I was going to start this by saying, “I have two friends …” but realised that made me sound like a lonesome loser.
Anyway. I have two friends - dammit.
Okay. Now that’s out of the way, let me get to the point of this post, that I’ve had simmering in my brain-parts for a while. I started thinking about it because these two friends are very, very different people.
I call them the “yes, but” friend and the “oh my god yes, you should do it!” friend.
The “yes, but” friend - who I call to mind when I need to temper my actions and impulses, is someone I’ve known since I was five years old. We look nothing alike, but have been mistaken for sisters, as we know each other so well.
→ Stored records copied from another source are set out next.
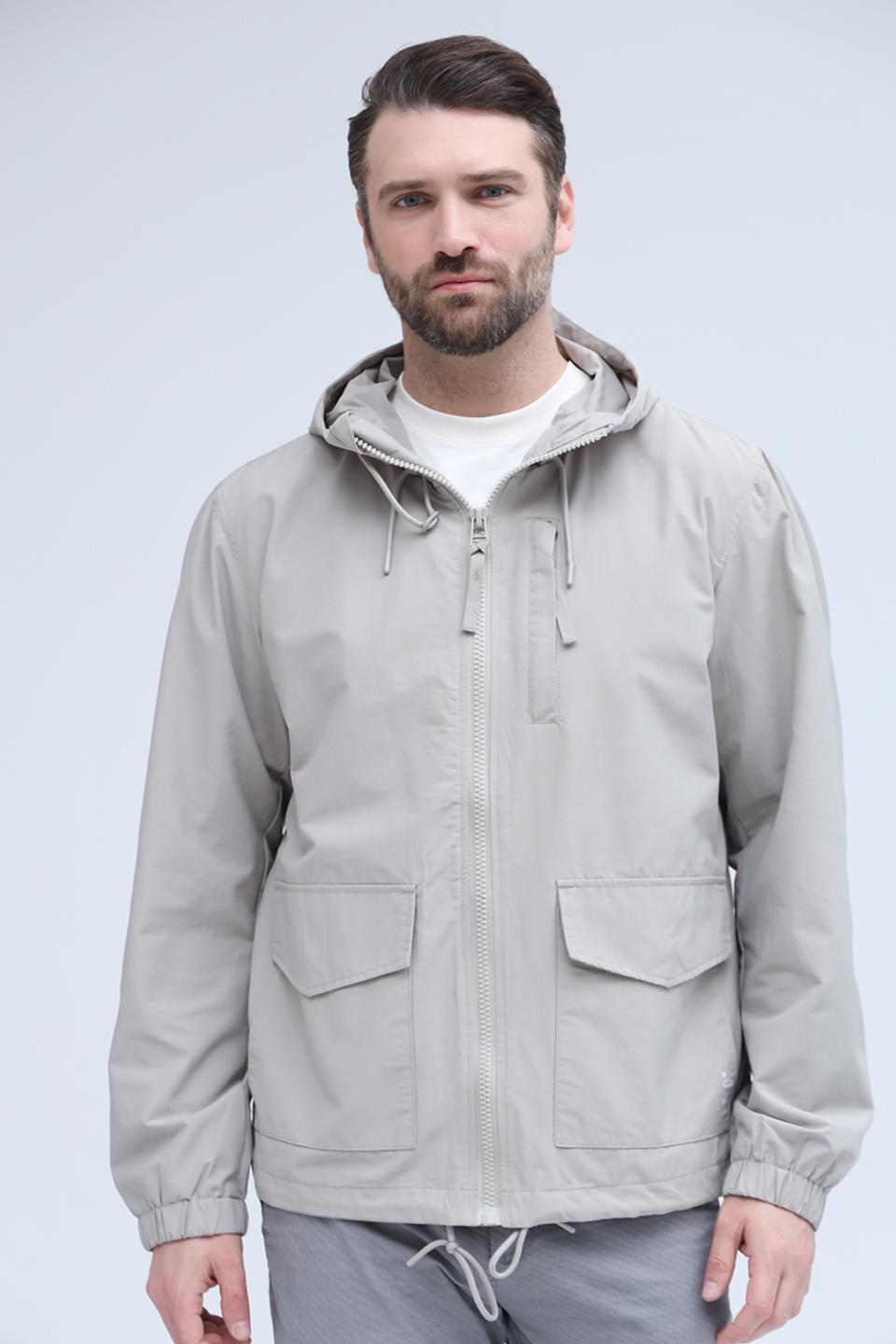 Ветровка Basefield серая
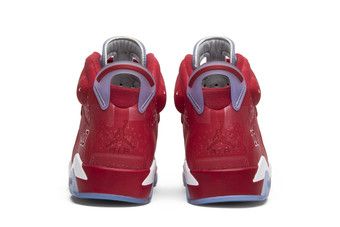 Buy Air Jordan 6 Retro 'Slam Dunk' - 717302 600 - Red | GOAT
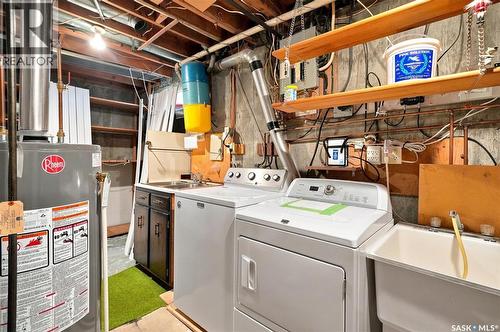 125 Arnason Crescent, Saskatoon, SK - Indoor Photo Showing Basement
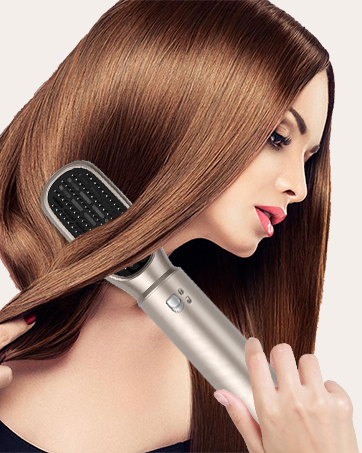 hair dryer brush
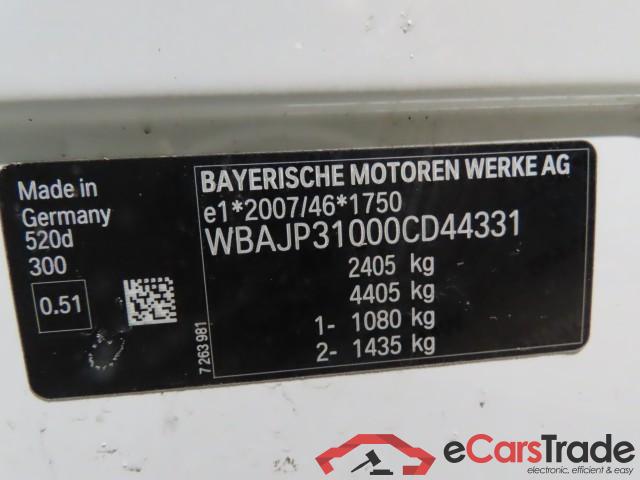 BMW 5-Serie Touring ´16 Baureihe 5 Touring 520d Sport Line 2.0 140KW AT8 E6dT #5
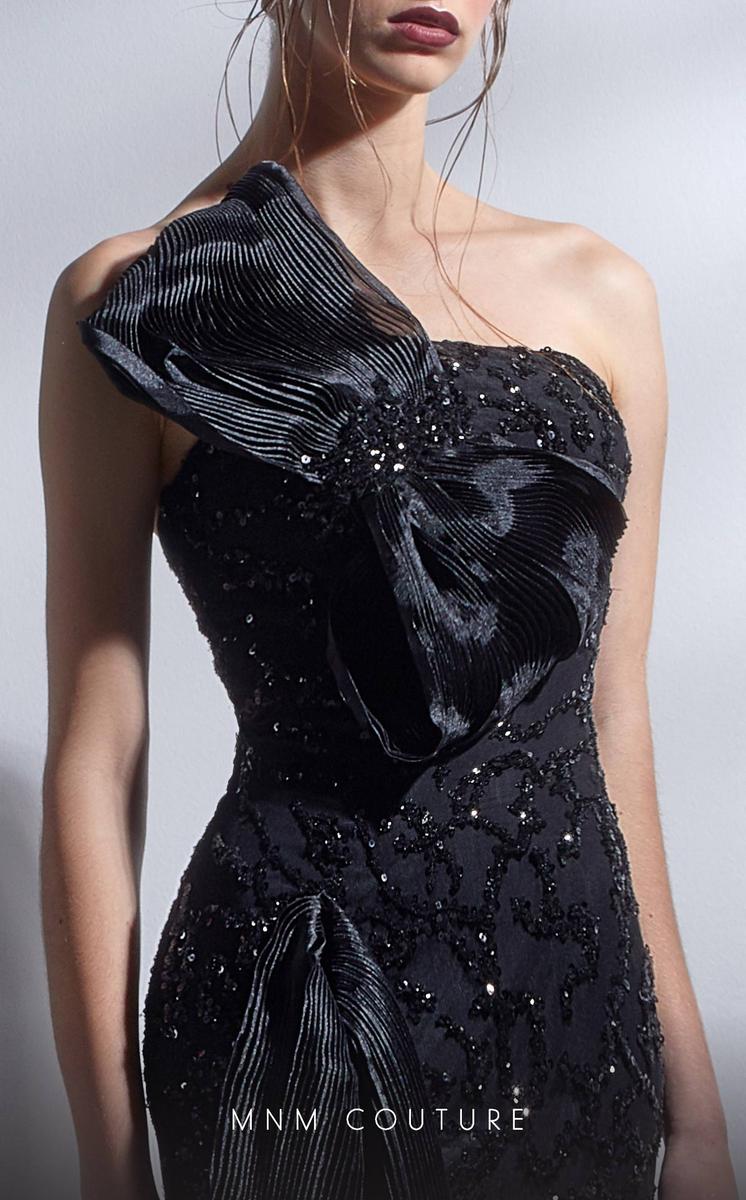 MNM Couture G1273 - Black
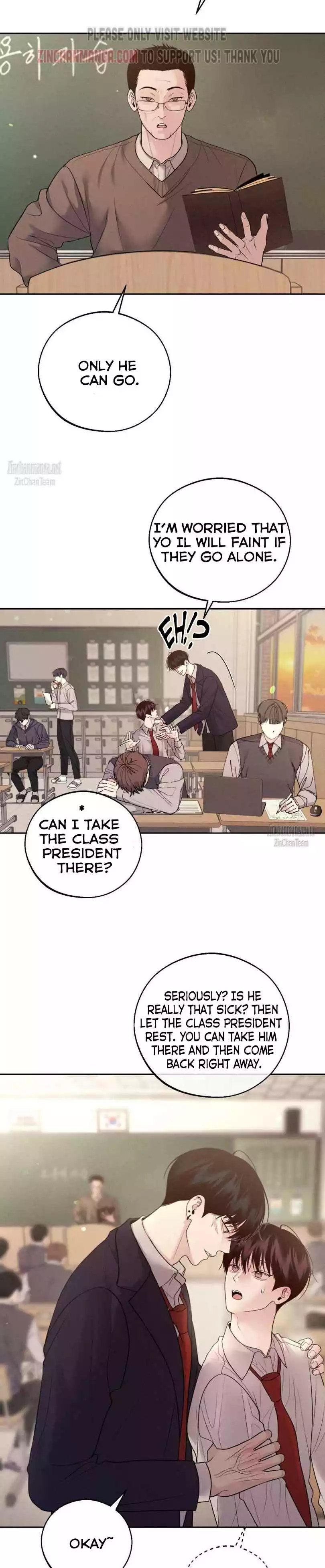 Monday's Savior - Chapter 33 Page 7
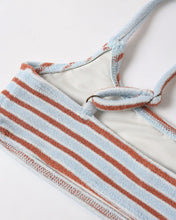 Load image into Gallery viewer, Rylee + Cru - Malia Bikini - Americana Stripe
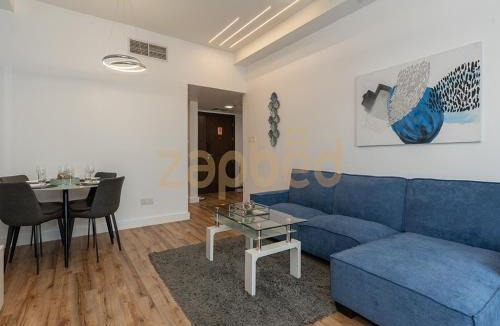 Ras Al Khaimah Apartment | ZAPBED HOUSE -1 BR In Pacific Tower Al Marjan Island With Beach Access Ras Al Khaimah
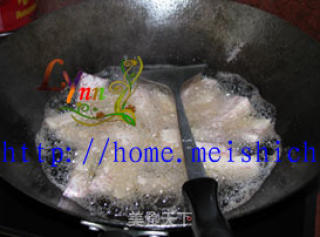 反沙芋头的做法步骤：2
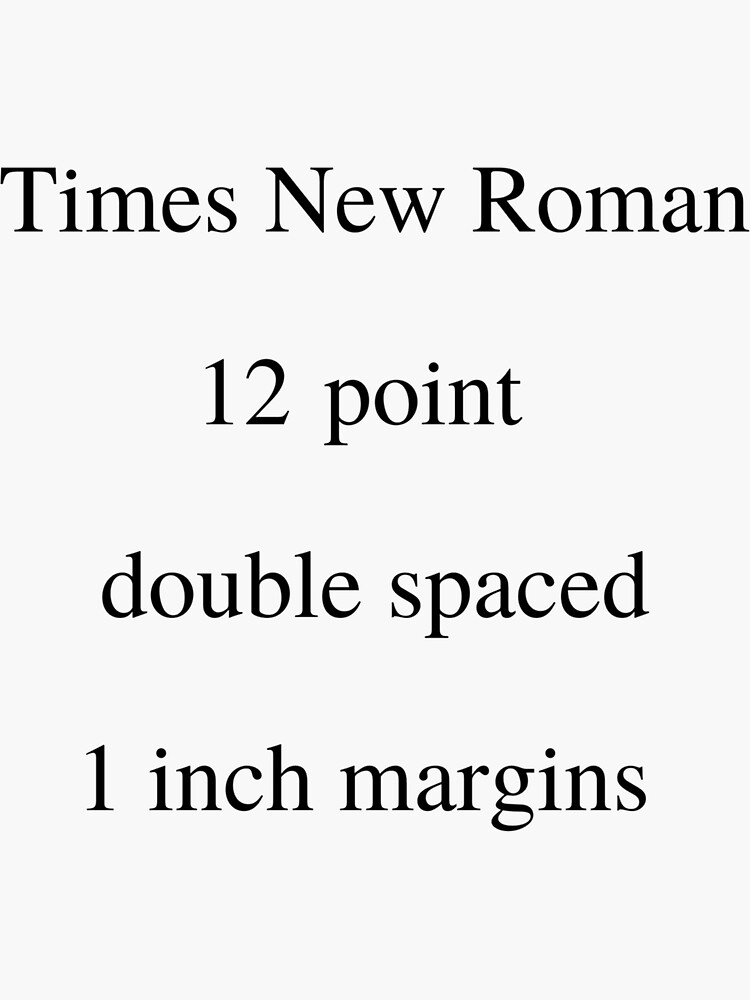 Times new roman single line font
This is the friend that I will call when I burn my arm on hot oil and need to go to A&E (er, for example). She’s my Saturday night stitch-and-watch friend, and her pragmatism helps keep me grounded.
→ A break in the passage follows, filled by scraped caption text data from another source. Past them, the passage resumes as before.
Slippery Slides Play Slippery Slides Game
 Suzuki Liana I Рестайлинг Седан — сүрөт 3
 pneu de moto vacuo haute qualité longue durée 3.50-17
The “oh my god yes you should do it!” friend is someone I met at work. It’s been rocky, sometimes and we lost touch for a long time - until I took redundancy last year and she came to the leaving do (the leaving do was at the pub, in case you’re thinking I’m getting above myself). She said we should have lunch and I would have dismissed it as one of those “oh, we should get together sometime” things but she was adamant on reconnecting and we started having lunch regularly on Mondays.
This is the friend I can say anything to and she will be nothing but optimistic and encouraging. I told her about my dream to open a bookstore (called The Last Book Shop and I have the perfect location - anyway) and she was nothing but supportive.
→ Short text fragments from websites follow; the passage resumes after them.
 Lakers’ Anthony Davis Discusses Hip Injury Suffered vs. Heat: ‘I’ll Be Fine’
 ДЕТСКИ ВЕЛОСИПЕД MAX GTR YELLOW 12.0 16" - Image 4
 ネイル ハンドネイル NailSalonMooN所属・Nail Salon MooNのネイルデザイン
I tell my “yes but” friend the same dream, and she says “but what about parking?” She would also be concerned at my complete inability to finance said book shop. Whereas my other friend will indulge my flights of fancy and give me ideas of what to put in the store.
These two friends don’t know each other, but that’s fine with me. I think I’d rather keep my pragmatist and my flights of fancy friend separate anyway.
That way, I can indulge my daydreams, but still keep my feet on the ground.